Posted by: runnerwoman | 21 May 2004 at 04:46 PM
Can't find the damn Wanking instruction sheet. Think my husband threw it away. But it said something about having a pee first, to abstain from sex for 3 days before, to keep the sample warm etc. So sensible things I suppose. Its just kind of funny that they have this now, where as before all you got was the sample jar and a wink.
In fact my new pet name for my husband is "My little wanker". He hates it but I think it has a nice ring to it.
Julie, we do talk about it, thank goodness. We laugh about it, which makes it easier. I've kind of got him to understand that my low libido has nothing to do with him, that I still love him and want him, but how I feel affects my sex drive. So if I feel fat, ugly, tired, worried, stressed, or whatever, then sex is the last thing I feel like. I think he understands. I hope so. Problem is we shagged like rabbits when we first met so I kind of raised his expectations.
Posted by: Tertia | 21 May 2004 at 08:21 PM
The Men's Health Magazines should do a survey on how often men have sex who are also doing IVF. Not counting sex with the specimine cup! It will probably be around once per month.
Posted by: Jodi | 21 May 2004 at 10:58 PM
**Pg Ment**
I can so relate to you and Julie regarding sexual infrequency! My husband and I had been ttc since May of '99, 7 months before we were married. For the first, like, 2 months of unprotected sex (which I had not had in years... since being a slutty college student)it was fun! Wheeee! We're going to be parent soon, and I'll be a pregnant bride! Then months and months and years went by and I still wasn't pregnant. Anyway, the end result of my years of IF has been a definite lack of interest in sex.
Now that I am pg, I actually have an excuse not to have sex. But after the requisite number of weeks have past after the baby is born, I will be expected to start putting out again on a regular basis.

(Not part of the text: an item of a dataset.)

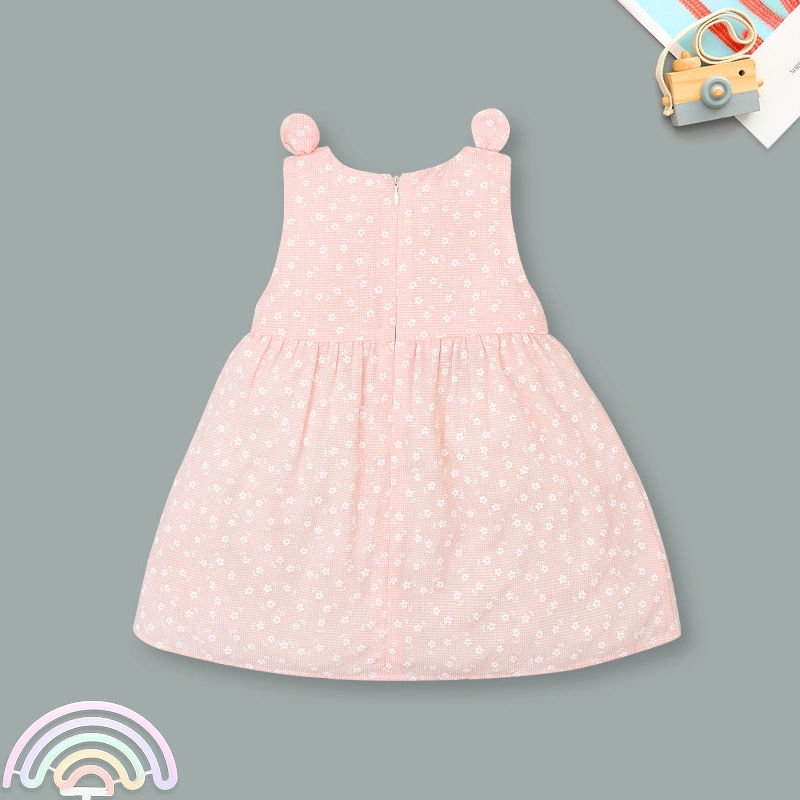 Đầm bé gái Rabity 952.055 màu hồng 2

And here's the funny thing (that someone said, above): I actually enjoy the fuck out of sex once I'm doing it! I have orgasms every time and my husband is a wonderully sensitive and skilled lover. It's just the IDEA of having sex that repels me. And it IS like the pink elephant in the living room because we simply don't discuss it. It's too sad, too embarrassing. We're too afraid that such a discussion would lead to, I dunno, the realization that our seemingly good marriage is, in fact, a sham?
I just want to add that I hate hearing about the frequency of other womens' sex lives. Makes me feel damned inadequate, if it's more than once a week.
Great blog/post, Tertia!
Twizzle
Posted by: twizzle | 22 May 2004 at 03:28 AM
Great summary! This is just such an exciting stuff.
Posted by: jim | 03 April 2006 at 05:35 AM
im having a problem with my sex life also. i want it but he dosnt. im a 21yr old female, he is a 22yr old male. we have been married for 2 years and at first screwed like rabbits but now we barly have sex. we are not trying for a baby, so we use protection. but in the last 6 weeks we have only had sex 4 times, and of all those times it was initated by him. ive tried to tnitate it but he never responds. ive tried to talk to him, and he says he just dosnt feel like it. he says there is nothing i can do to turn him on. and i am a very attractive woman. what can i do?.... ps when we do have sex it is fablous... wonderful. but i need it more.